Reading the original question again, I think we have a slightly polarised beam, and we wish to know if it has a linear or elliptical element. This can be ascertained, I think, by using a circular polarised analyser to detect the presence and handedness of any rotational component.Andy Resnick said:Using a circular polarizer is an interesting idea; one challenge is the fact that the relative orientation of the fast axis of the retarder and the pass axis of the linear polarizer is fixed; normally one must be rotated with respect to the other.
It's my understanding that in commercial circular polarizers, the fast axis is 45 degrees from the pass axis. If the retarder is first, the device cannot distinguish between orthogonal linear polarization states. If the polarizer is first, the device cannot distinguish between circular polarization and random polarization. Consequently, the device cannot measure the polarization ellipse. Adding a second polarizer after the circular polarizer won't do anything since the circular polarizer already deleted some information.
The bottom line: specification of the polarization ellipse requires 4 parameters (ellipticity, amplitude, azimuth, and phase) but a circular polarizer has only 2: the rotational orientation of the entire device and the order of elements.
tech99 said:Reading the original question again, I think we have a slightly polarised beam, and we wish to know if it has a linear or elliptical element. This can be ascertained, I think, by using a circular polarised analyser to detect the presence and handedness of any rotational component.

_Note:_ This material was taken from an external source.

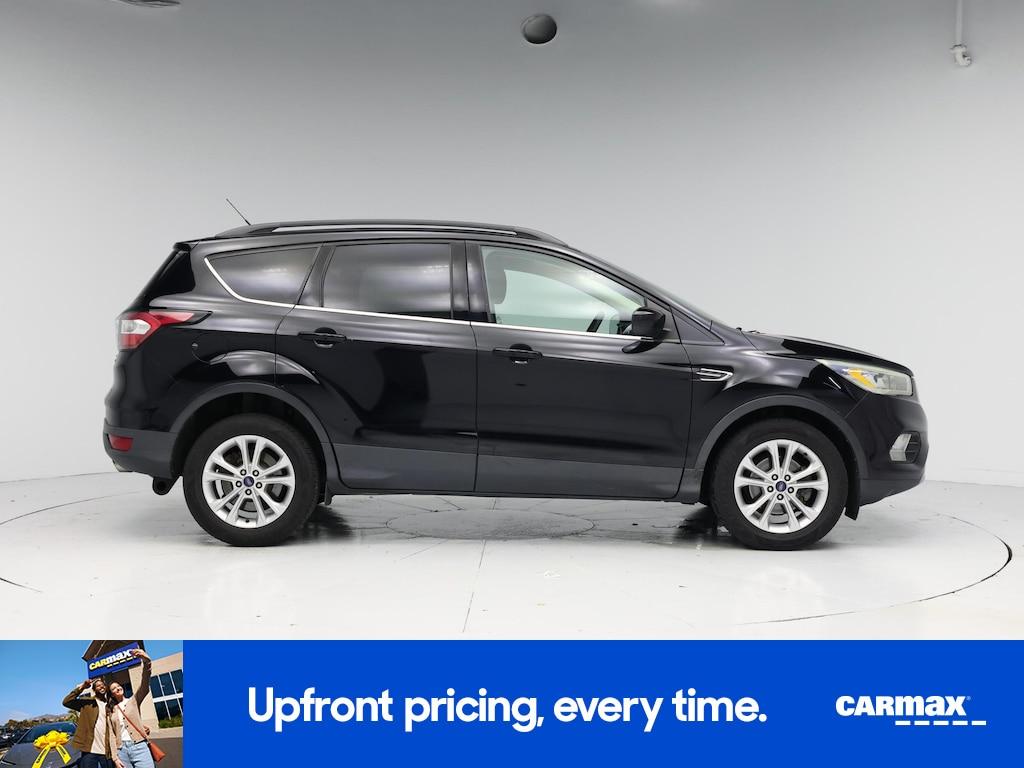 used 2017 Ford Escape car, priced at $12,599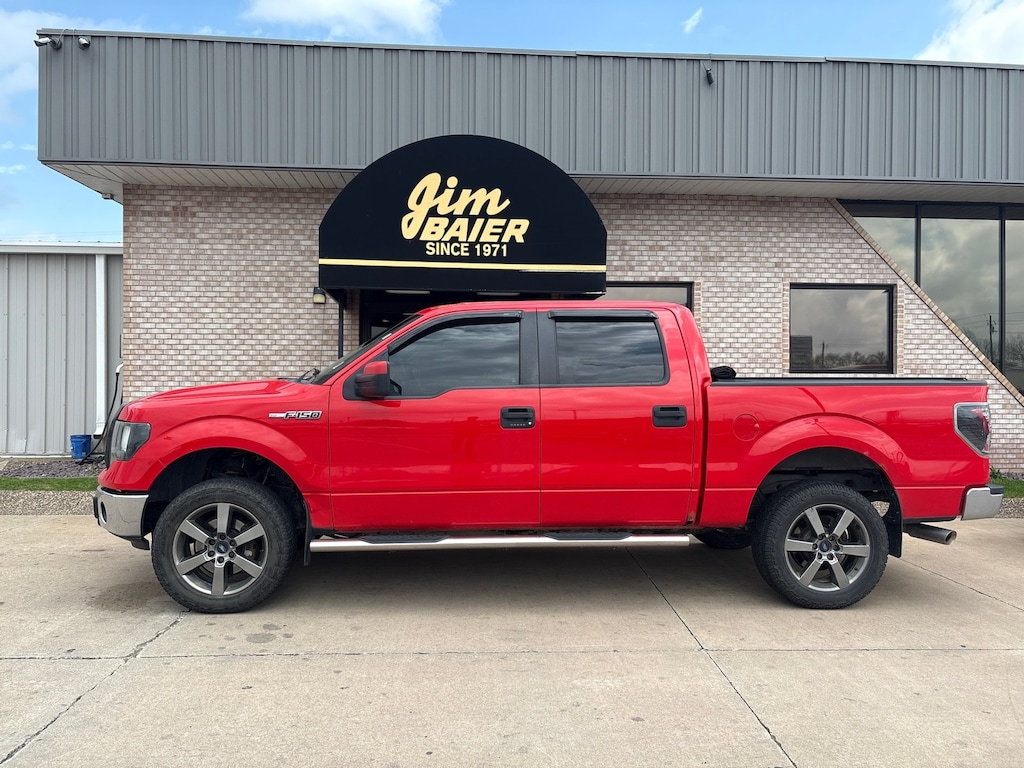 Used 2014 Ford F-150 XLT Pickup Truck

Elliptically polarized light is a type of light in which the electric field vector oscillates in an elliptical pattern. This means that the light wave has two perpendicular components with different amplitudes and phases.
Linearly polarized light has an electric field vector that oscillates in a single direction, while elliptically polarized light has an electric field vector that oscillates in an elliptical pattern. This means that linearly polarized light has a constant amplitude and phase, while elliptically polarized light has varying amplitudes and phases.
Elliptically polarized light can be produced by passing linearly polarized light through certain materials, such as crystals or birefringent materials. The material changes the amplitudes and phases of the two perpendicular components, resulting in an elliptical pattern.
Partially-polarized light is a type of light that has characteristics of both polarized and unpolarized light. This means that the light wave has some degree of polarization, but the electric field vector does not oscillate in a specific direction.
Unpolarized light has an electric field vector that oscillates in all possible directions, while partially-polarized light has an electric field vector that oscillates in some specific directions. This means that partially-polarized light has some degree of polarization, while unpolarized light does not have any polarization.